どっちやねん

 冷蔵庫が二つあって、韓国製の小さい方は、上の冷凍庫にグラスが凍らせてあり、それを出すときは下からも出すという、まあそういう専用庫なんですが、で、もうひとつの3ドアの方を、普通のメインにしています。ところが、両方とも、やたら丈夫なんですね。忘れるほど前に買って、引っ越しも3回。なのに、どこも悪くないのです。
 もちろん、燃費というかランニングコストは大変高いのでしょう。だから、大方の方は、「いい加減に買い替えた方がいいよ。その方が却って安くつくんだから」、と、呆れて忠告されると思います。で私もその気にはなっていたのです。ただ、面倒くさい。「今日しなくてよいことは今日しない」ということをモットーにしている私としては、なかなか腰が重かったわけです。
 ところが、このたび、「エコ・クーポン」とかいうものが発足したそうですね。何でも、冷蔵庫のような大きいものでは、省エネ新型のものに買い替えると、数万円とかのお金を国が負担してくれるとか。う〜ん。「ほら買い替えろ、金を出してやるぞ」とおカミにいわれて、「分かりました。仰せの通りにします。ありがとうございます」、なんていうのはシャクだから、これでまた、買い換えのタイミングを逸してしまいました。
 大体おカミは、「エコ」というのは「モッタイナイ」だ、といっていたのではないでしょうか。それに、ランニングコストは下がるとしても、新型を開発製造し、流通宣伝販売するのに、どの位のエネルギーと資源を使うのでしょうか。さらに、使える旧型を回収し処分する方にもエネルギーが必要です。それらのプラスと、ランニングの新旧差のマイナスとを、差し引きしてどうなのか。そんなことには口をつぐんで、「とにかく買い替えろ」。

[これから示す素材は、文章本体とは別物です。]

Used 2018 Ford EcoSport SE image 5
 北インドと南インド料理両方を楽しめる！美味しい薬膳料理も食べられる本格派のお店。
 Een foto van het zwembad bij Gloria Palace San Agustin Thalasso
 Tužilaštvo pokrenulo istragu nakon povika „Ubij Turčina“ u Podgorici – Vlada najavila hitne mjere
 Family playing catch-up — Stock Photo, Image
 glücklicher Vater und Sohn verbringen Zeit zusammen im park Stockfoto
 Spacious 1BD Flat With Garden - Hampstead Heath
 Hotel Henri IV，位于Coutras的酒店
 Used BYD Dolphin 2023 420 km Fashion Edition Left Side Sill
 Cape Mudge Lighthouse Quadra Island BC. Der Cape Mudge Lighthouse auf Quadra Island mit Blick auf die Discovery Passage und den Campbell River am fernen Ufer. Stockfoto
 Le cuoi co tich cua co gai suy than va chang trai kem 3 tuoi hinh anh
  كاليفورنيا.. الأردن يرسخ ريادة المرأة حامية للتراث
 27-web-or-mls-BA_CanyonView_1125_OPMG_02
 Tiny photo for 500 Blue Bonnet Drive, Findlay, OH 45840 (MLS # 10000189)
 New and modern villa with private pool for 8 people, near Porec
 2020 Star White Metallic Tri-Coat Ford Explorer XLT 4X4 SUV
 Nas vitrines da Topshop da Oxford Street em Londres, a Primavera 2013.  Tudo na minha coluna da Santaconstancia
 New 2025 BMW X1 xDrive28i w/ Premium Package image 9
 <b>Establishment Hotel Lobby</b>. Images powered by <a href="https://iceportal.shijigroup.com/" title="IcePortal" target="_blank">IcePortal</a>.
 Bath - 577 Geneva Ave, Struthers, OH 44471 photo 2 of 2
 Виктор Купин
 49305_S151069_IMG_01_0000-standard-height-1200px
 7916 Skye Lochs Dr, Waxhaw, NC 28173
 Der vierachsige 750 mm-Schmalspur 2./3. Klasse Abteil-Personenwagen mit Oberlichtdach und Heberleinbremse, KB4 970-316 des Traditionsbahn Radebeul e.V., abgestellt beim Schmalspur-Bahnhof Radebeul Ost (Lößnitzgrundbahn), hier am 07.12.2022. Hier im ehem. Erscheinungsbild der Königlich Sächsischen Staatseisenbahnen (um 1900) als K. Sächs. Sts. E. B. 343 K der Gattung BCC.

 昔「モッタイナイ」、今「買い替えろ」、一体どっちやねん。
 そういえば、エコ車補助+高速ETC千円というのもありますね。エコってのは車に乗らないことだといっていた筈のおカミが、「不要機器を買って取り付けて高速を新車で走れ」ですからね。「パイブリッドだ電気だ、電気を使え。電気が足りなきゃ原発あるでよ」。
 車に乗らないのがエコか、どんどん車を買い替えてどんどん高速を走るのがエコか、一体どっちやねん。
 ともかくおカミの口車は信用できません。